= Beginning of Section =
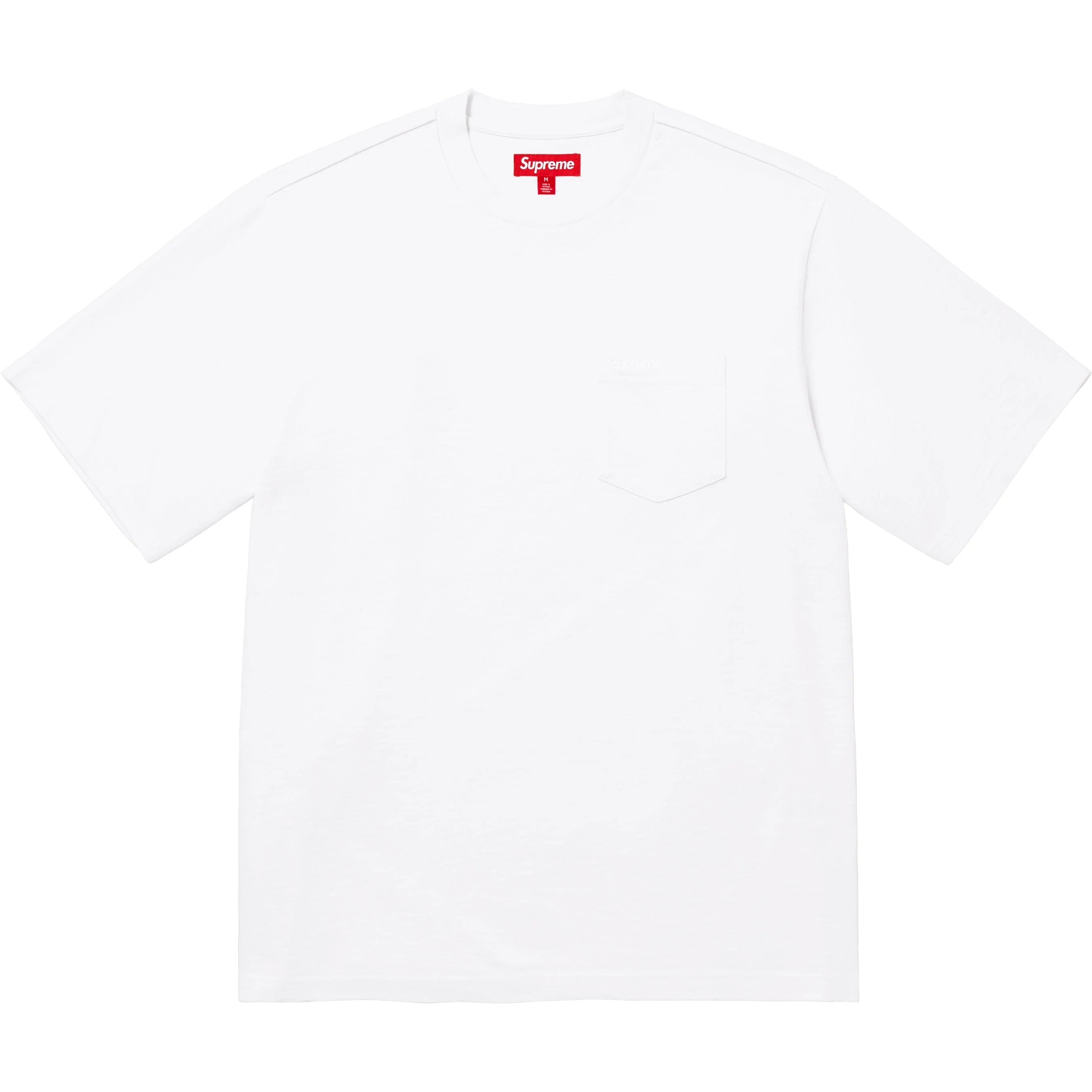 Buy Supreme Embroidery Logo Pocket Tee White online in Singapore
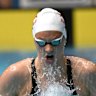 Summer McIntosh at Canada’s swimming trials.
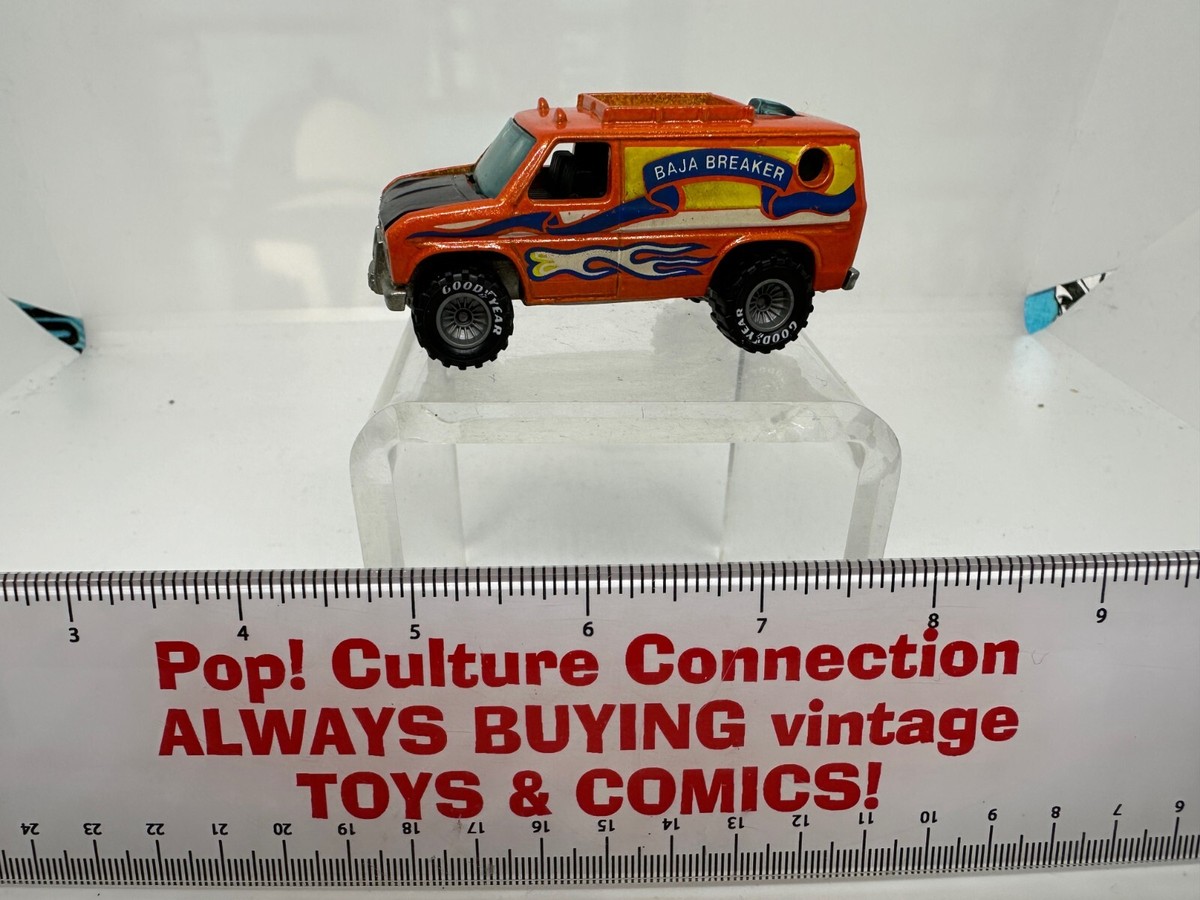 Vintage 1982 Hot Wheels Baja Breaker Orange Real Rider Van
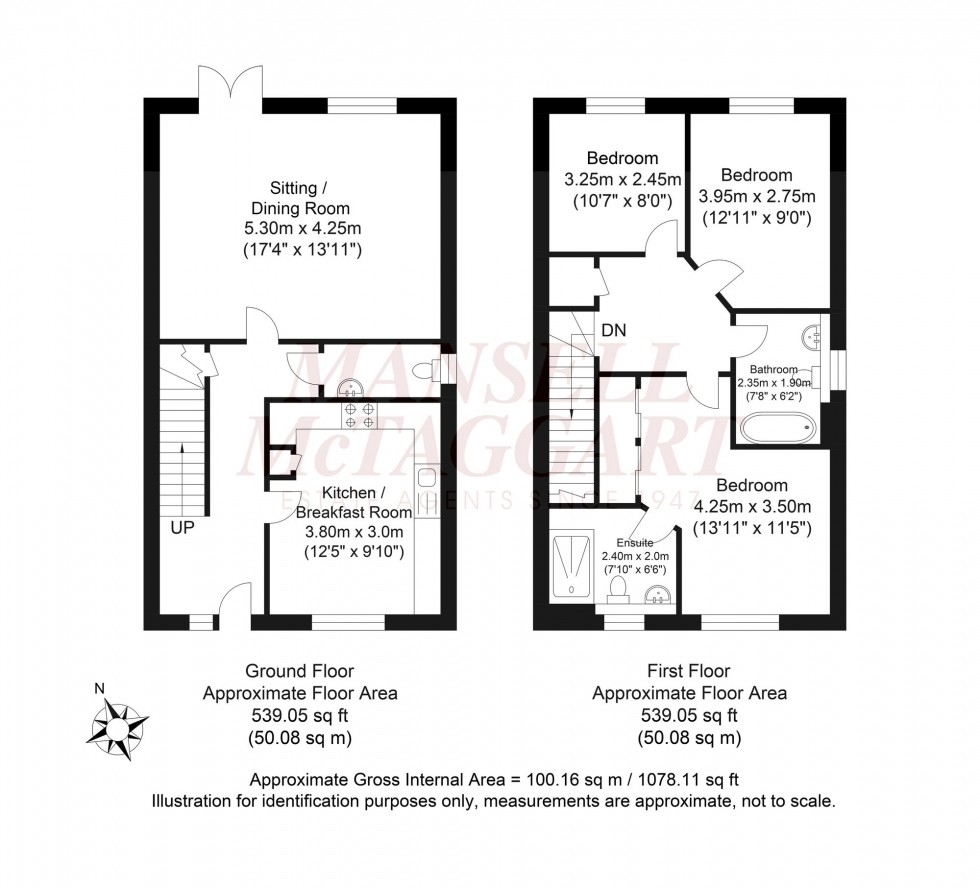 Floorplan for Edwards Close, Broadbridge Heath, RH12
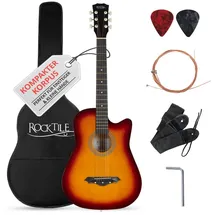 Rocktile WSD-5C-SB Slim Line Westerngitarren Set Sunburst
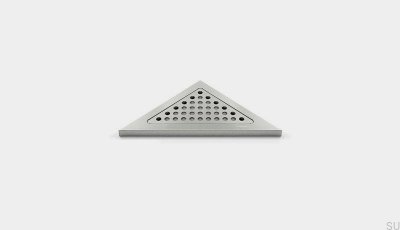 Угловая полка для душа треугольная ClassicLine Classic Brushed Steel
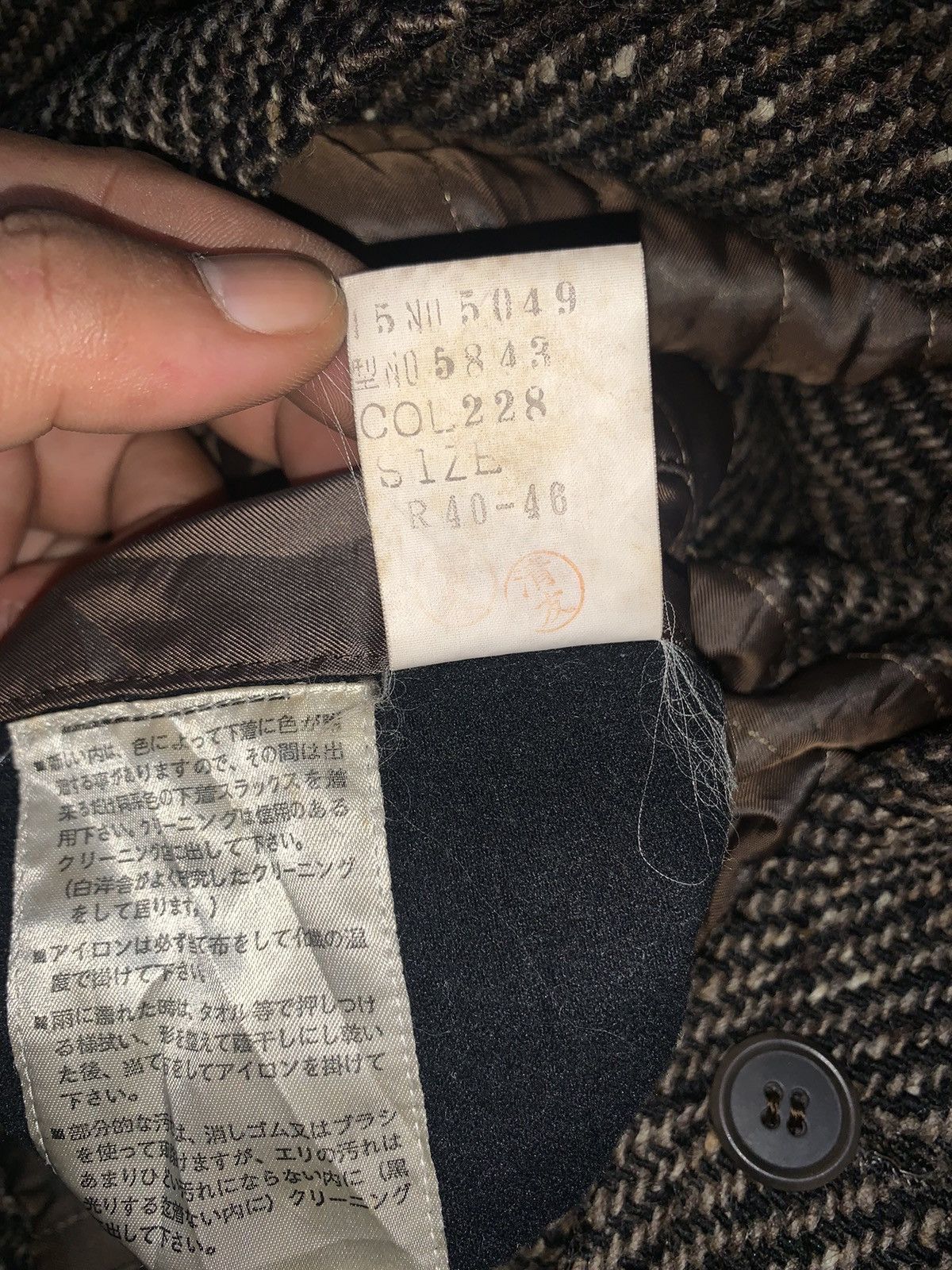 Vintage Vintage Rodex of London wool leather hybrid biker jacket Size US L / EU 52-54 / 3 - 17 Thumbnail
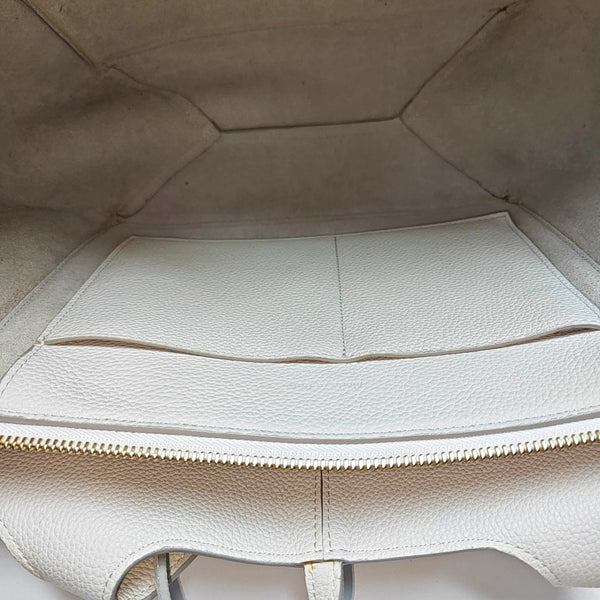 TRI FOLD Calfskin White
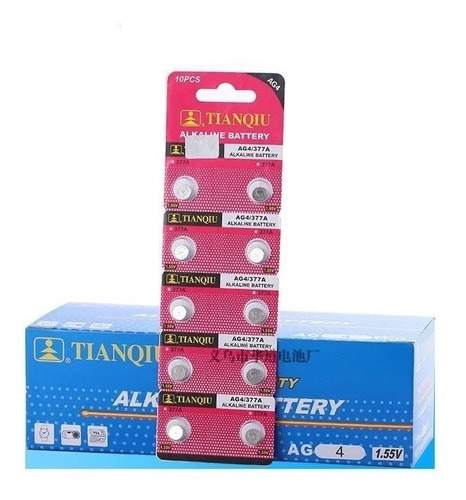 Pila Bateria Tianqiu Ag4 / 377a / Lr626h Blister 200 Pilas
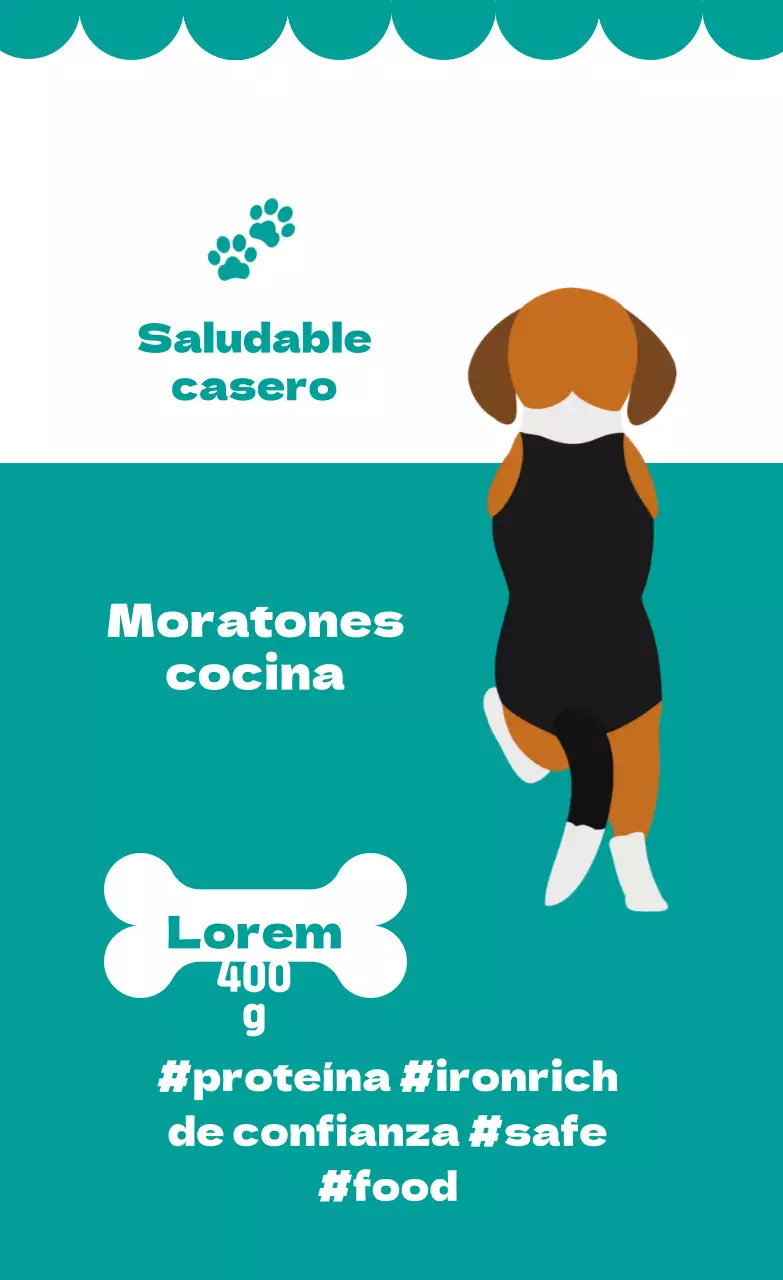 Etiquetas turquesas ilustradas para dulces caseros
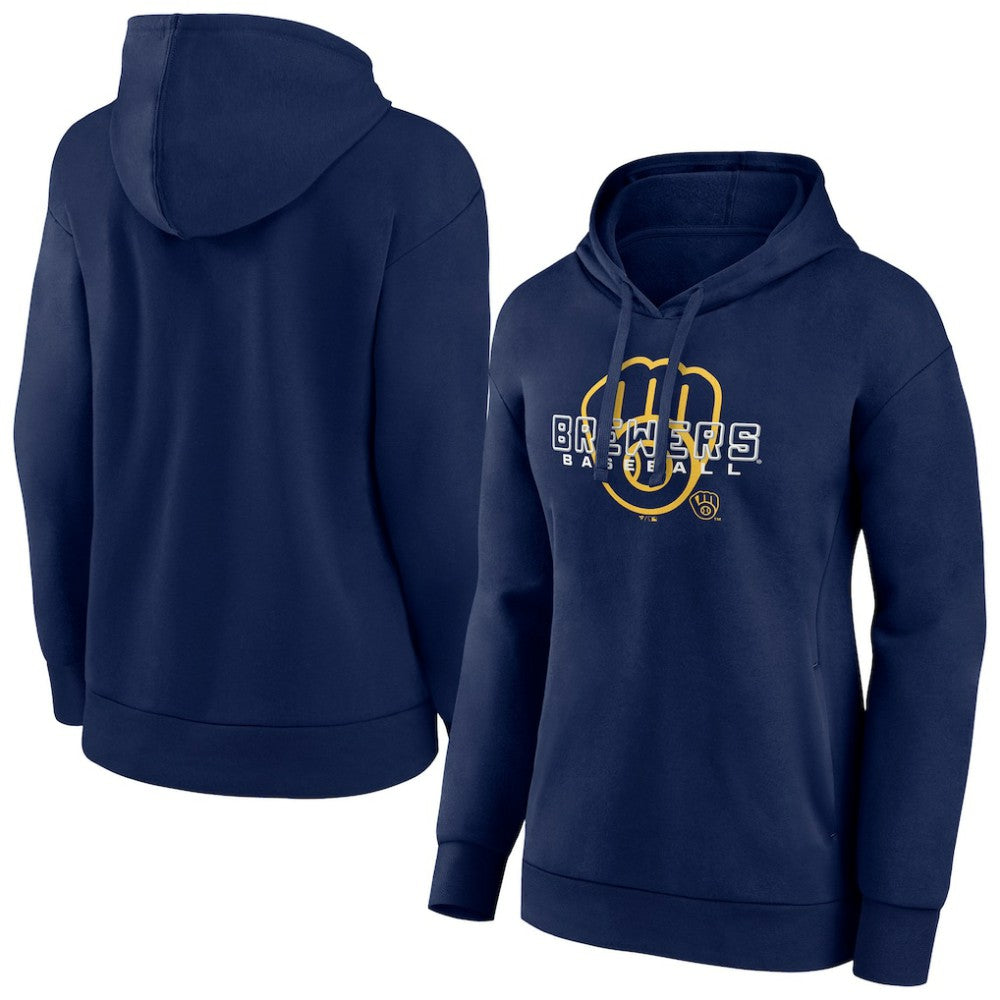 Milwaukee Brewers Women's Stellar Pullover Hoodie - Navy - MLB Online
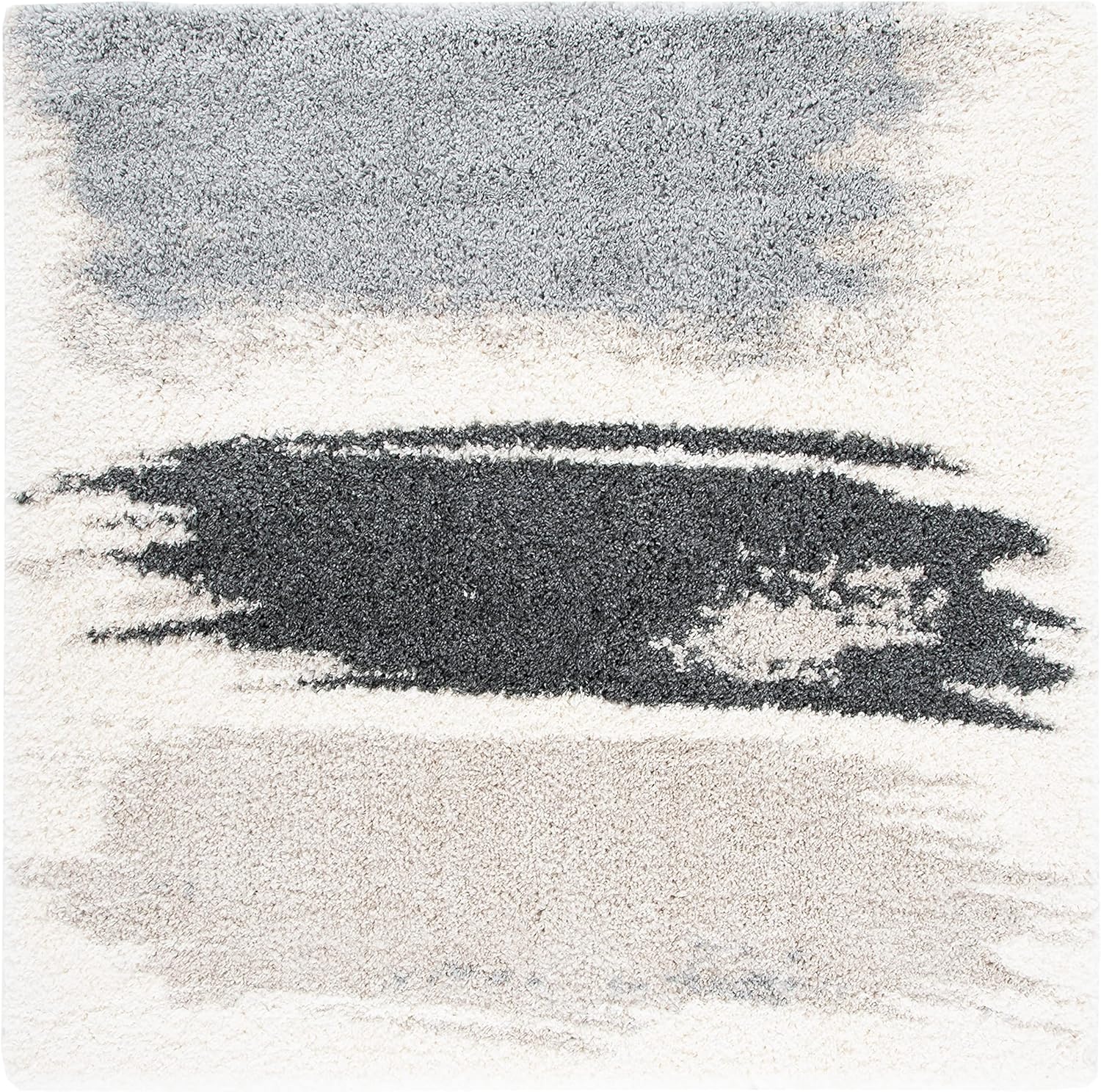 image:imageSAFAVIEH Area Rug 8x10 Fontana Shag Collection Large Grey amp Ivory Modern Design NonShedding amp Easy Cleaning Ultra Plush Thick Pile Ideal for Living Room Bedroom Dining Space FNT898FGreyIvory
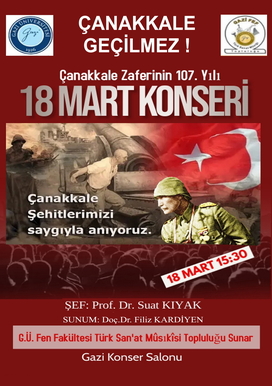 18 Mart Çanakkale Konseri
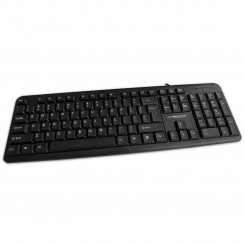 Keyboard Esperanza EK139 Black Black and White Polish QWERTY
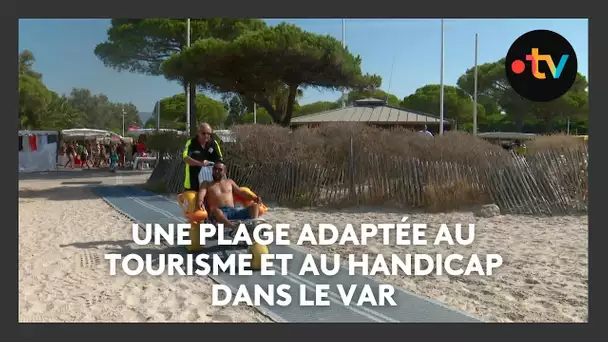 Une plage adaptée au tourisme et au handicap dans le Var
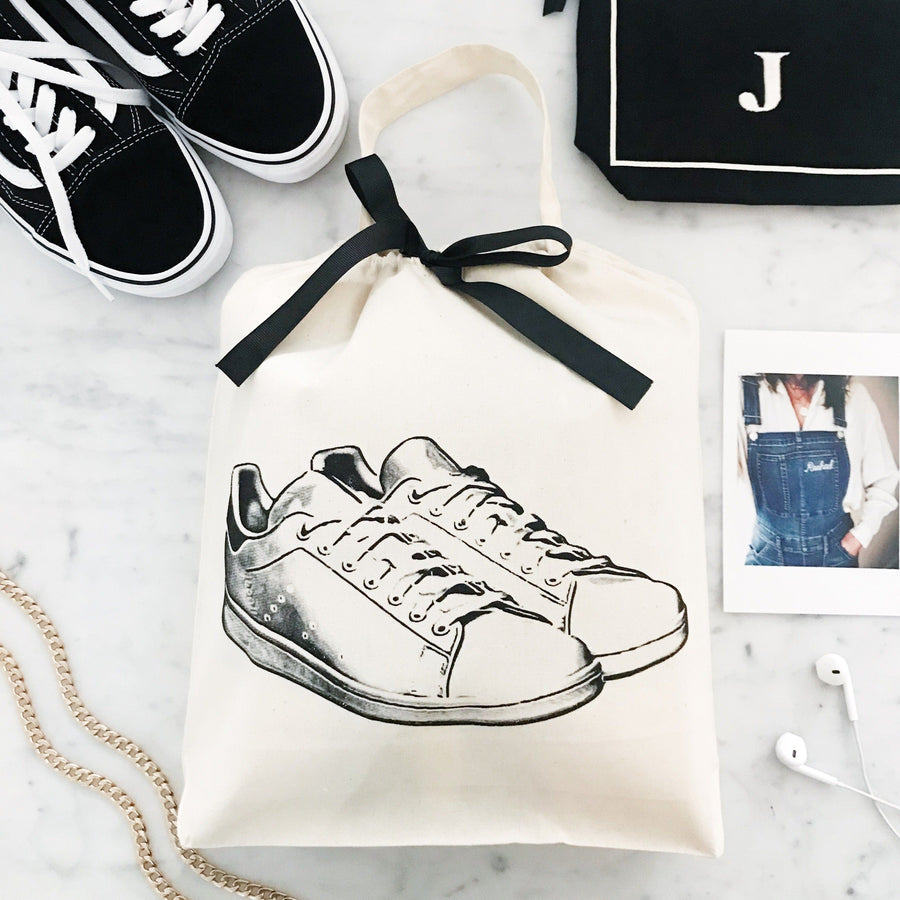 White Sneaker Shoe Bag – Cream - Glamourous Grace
= End of Section =
§ **What the exercise asks**:
All of the entries above should be retyped exactly, with the pictures left out.

§ **Output below**:
 Buy Supreme Embroidery Logo Pocket Tee White online in Singapore
 Summer McIntosh at Canada’s swimming trials.
 Vintage 1982 Hot Wheels Baja Breaker Orange Real Rider Van
 Floorplan for Edwards Close, Broadbridge Heath, RH12
 Rocktile WSD-5C-SB Slim Line Westerngitarren Set Sunburst
 Угловая полка для душа треугольная ClassicLine Classic Brushed Steel
 Vintage Vintage Rodex of London wool leather hybrid biker jacket Size US L / EU 52-54 / 3 - 17 Thumbnail
 TRI FOLD Calfskin White
 Pila Bateria Tianqiu Ag4 / 377a / Lr626h Blister 200 Pilas
 Etiquetas turquesas ilustradas para dulces caseros
 Milwaukee Brewers Women's Stellar Pullover Hoodie - Navy - MLB Online
 image:imageSAFAVIEH Area Rug 8x10 Fontana Shag Collection Large Grey amp Ivory Modern Design NonShedding amp Easy Cleaning Ultra Plush Thick Pile Ideal for Living Room Bedroom Dining Space FNT898FGreyIvory
 18 Mart Çanakkale Konseri
 Keyboard Esperanza EK139 Black Black and White Polish QWERTY
 Une plage adaptée au tourisme et au handicap dans le Var
 White Sneaker Shoe Bag – Cream - Glamourous Grace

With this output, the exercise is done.